In honor of National Poetry month, NHPR's Sean Hurley is introducing us to a New Hampshire poet every Friday.  Today we hear from Jennifer Militello.  The Goffstown native has recently published her second book of poetry - "Body Thesaurus."

While her relatives gathered for coffee in her grandmother's kitchen, 9 year old Jennifer Militello would sneak off into a back room to read aloud from the two books she found there.  A heavy collection of Edgar Allen Poe and a slimmer volume of Emily Dickinson.

And Dickinson, especially, opened up an entire world for me. The world of poetry. I realized, first of all, that she was expressing things that I already felt and I realized suddenly that those things could be expressed. So she was saying what I thought was unsayable.

Decades later Dickinson continues to be, as Militello calls her, a polestar.

It's why I write lyric poems and why I push language - because I understand there has to be a resonance in what happens on the page to capture the range of what happens in our experience.

Militello says her poems can begin as simple images or even a single word. And sometimes they gather from the metaphor lurking in an unfamiliar idea.

For example I was in London recently and I came across the concept of the plimsoll line? Which is the line when you're loading a ship. If you load it so that it's so that it's so heavy the water is above that line, that's the danger line. And I thought that's a concept I can use.

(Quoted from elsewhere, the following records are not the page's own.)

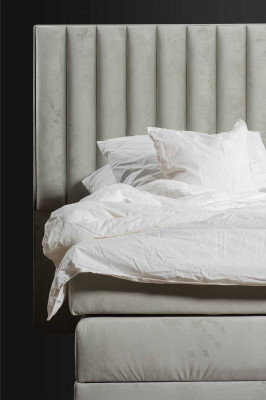 Chambre à coucher Ensemble Lit Table de chevet 3 pièces Design Moderne Lits de luxe Gris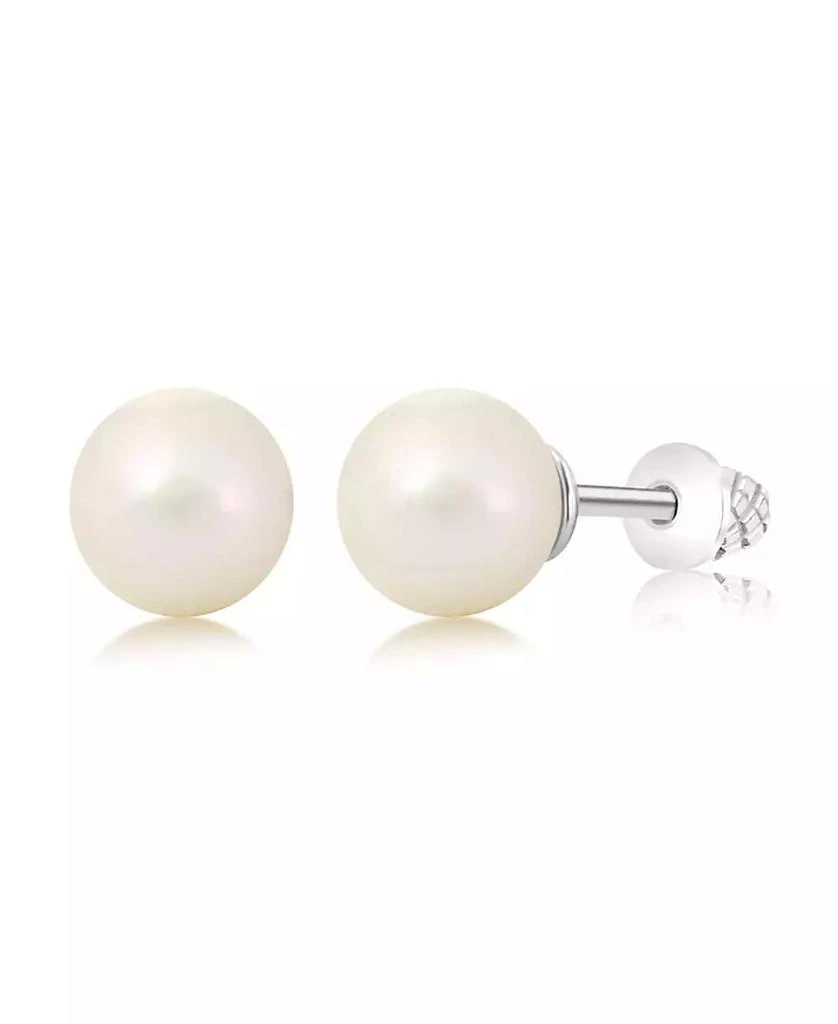Chanteur Girls /Girl/Pearl White Gold Palladium Plating Screwstud Earring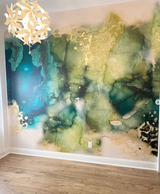 OOOOPS we printed an extra! "Emerald Storm" Oversized Wall Mural 9' tall x 10' wide Peel & Stick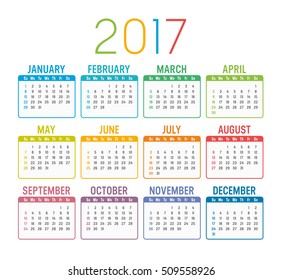 Colorful 2017 calendar isolated on a white background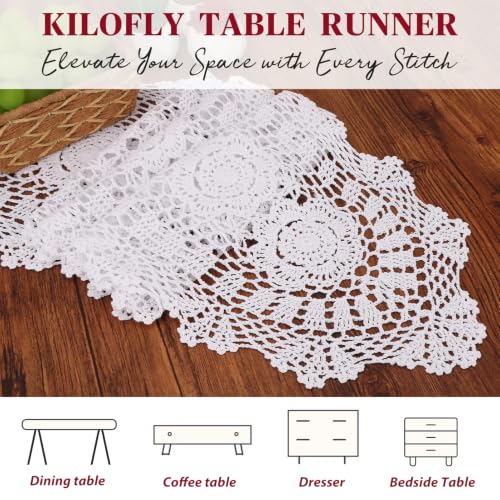 Kilofly Handmade Crochet Lace Table Runner 12 x 59 Inch White (White / 12 x 59 inch)
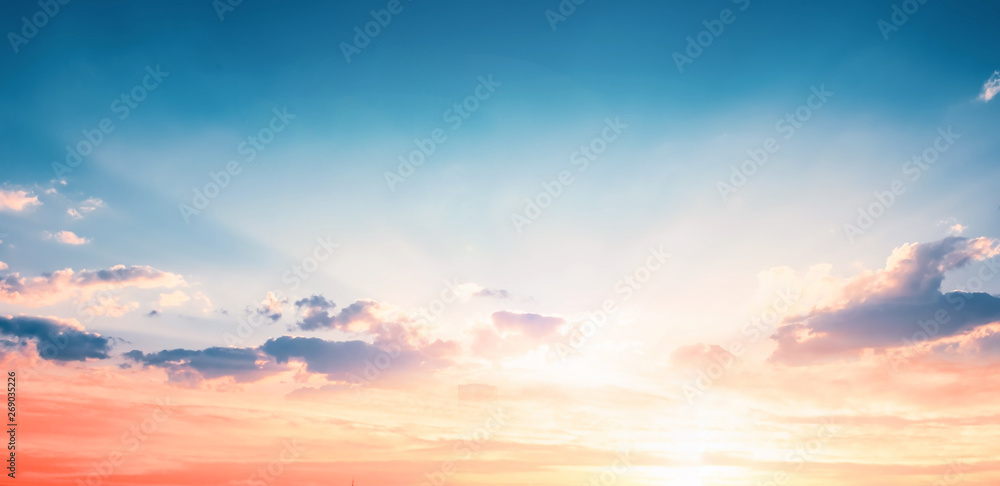 Background of colorful sky concept: Dramatic sunset with twilight color sky and clouds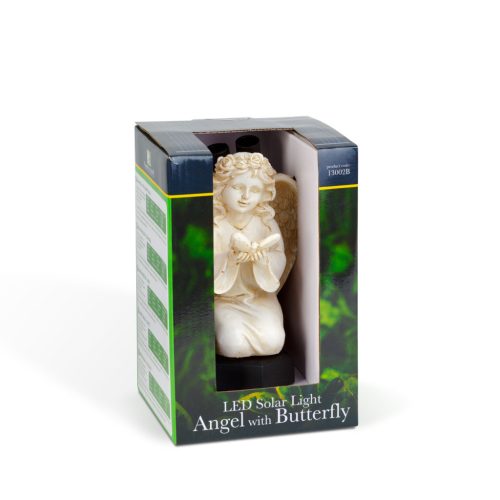 Garden Of Eden Szolár angyalka - pillangó - 1 melegfehér LED - műgyanta - 42 x 11 x 6,5 cm (13002B)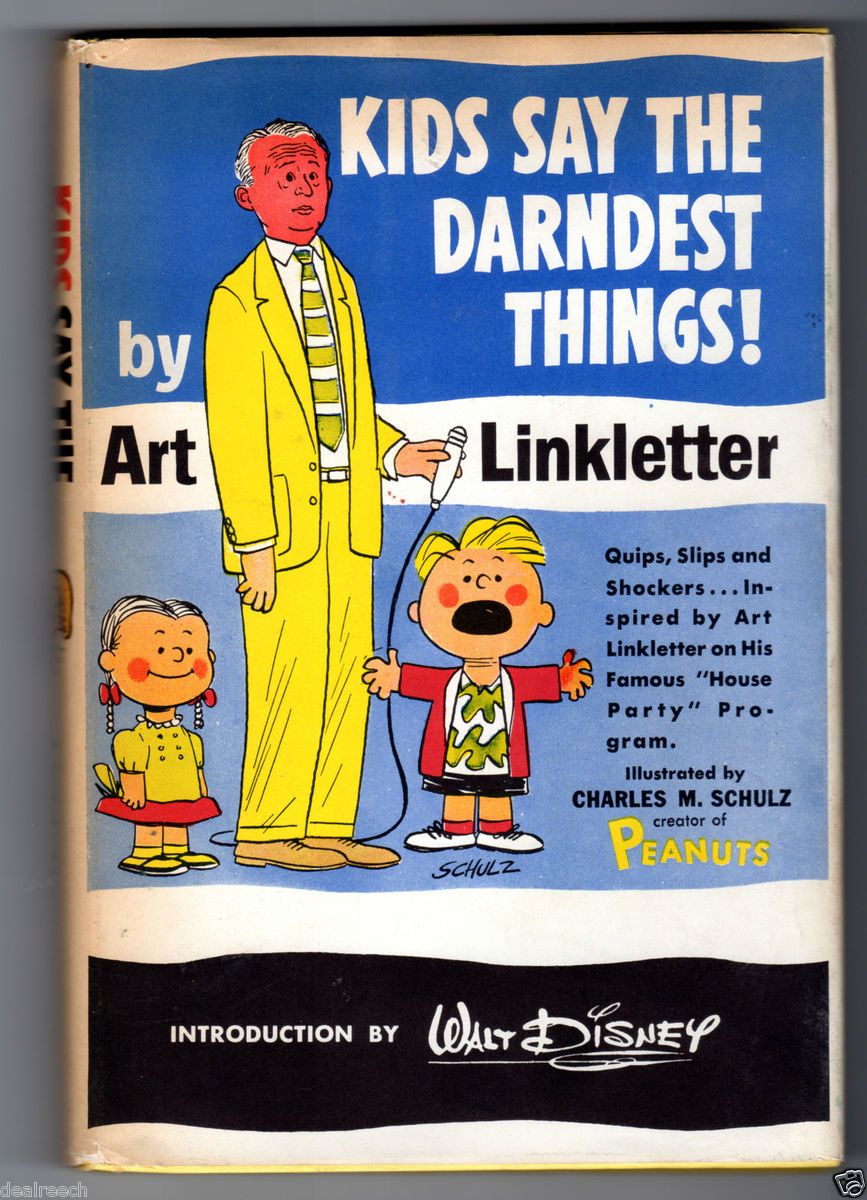 ART LINKLETTER KIDS SAY THE DARNDEST THINGS ART BY CHARLES SCHULTZ 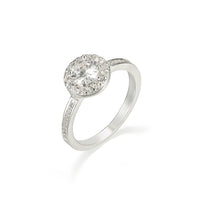 Round Stone Ring - Silver
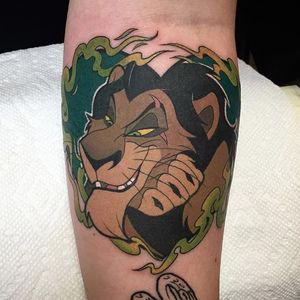 Scar tattoo by Jaclyn Huertas. #Scar #JaclynHuertas #lionking #disney #film #movie #animated #lion #animal #villain #scar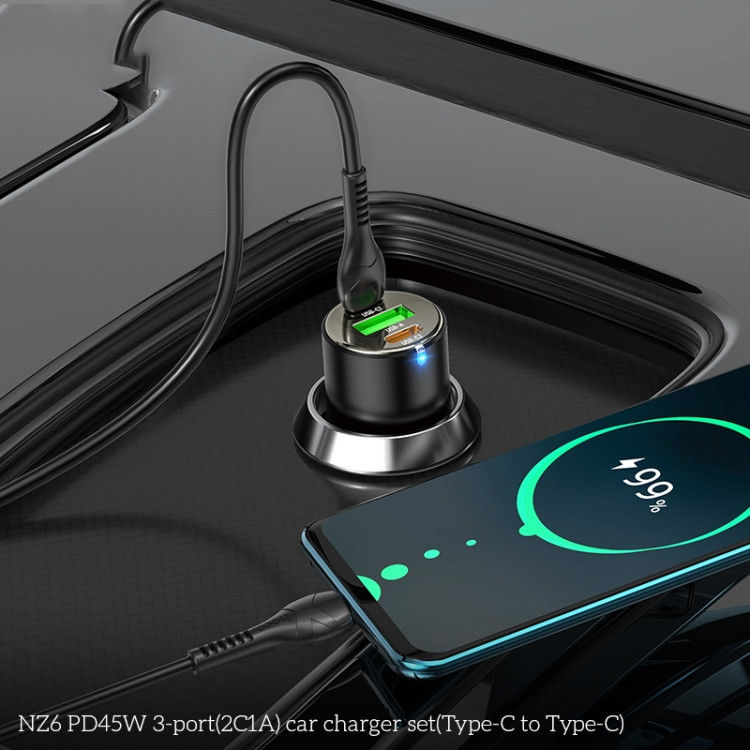 Hoco 3A USB/USB-C Auto Snellader 45W met PD en QC 3.0 + USB-C Kabel 1M afbeelding 4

Once or twice a year a poem will emerge raw and almost whole, but Militello says finishing any poem bring her to a similar experience.

There's a sense of completion, satisfaction, significance, and from that comes an energy of joy that I get for maybe 7 minutes (laughs) and then it's back to work.

Here's Jennifer Militello describing the origins of, and reading her poem "Until We Have No Children".

I wrote my first book in Nashua, New Hampshire and I had an apartment there that was within walking distance of this graveyard that was the only place that had trees in Nashua and I went there sometimes when I felt I missed trees.

Until We Have No Children

And the loveliness goes hand in hand with the graveyard,
if only at this time of year. No airplane or insects
or afterthought. No place for things to happen.

Out of all the pigeons that rise up at once,
the one becomes a lantern. The only lanterns
are made of late cocoons, and of the roaming,

and of the eye. Even the sky must remember itself
as it comes through the leaves, crimson
with its own incredible hold. Even the fearful

must learn to fear; there must be light by which
to darken rooms, with shoulders unlike shoulders,
hands unlike hands. There must be jars

fired to be broken, napkins folded, checks
cancelled, children crying in the street. There
must be motels to make one think of loneliness.

But, no. It’s autumn. Time to hear the clear bell,
heavy bell, above the bent oxen. Nothing
resembles the lovers like their dove-like necks.

“Like a piece of ice on a hot stove, "Robert Frost once wrote, "the poem must ride on its own melting.”  In the poetry of Jennifer Militello, light darkens rooms, jars are made to be broken. Things are what they eventually become.  

Read more about Jennifer Militello at her website.  http://www.jennifermilitello.com

http://youtu.be/WeIRf_zOW2o

Sean Hurley lives in Thornton with his wife Lois and his son Sam. An award-winning playwright and radio journalist, his fictional “Atoms, Motion & the Void” podcast has aired nationally on NPR and Sirius & XM Satellite radio. When he isn't writing stories or performing on stage, he likes to run in the White Mountains. He can be reached at shurley@nhpr.org.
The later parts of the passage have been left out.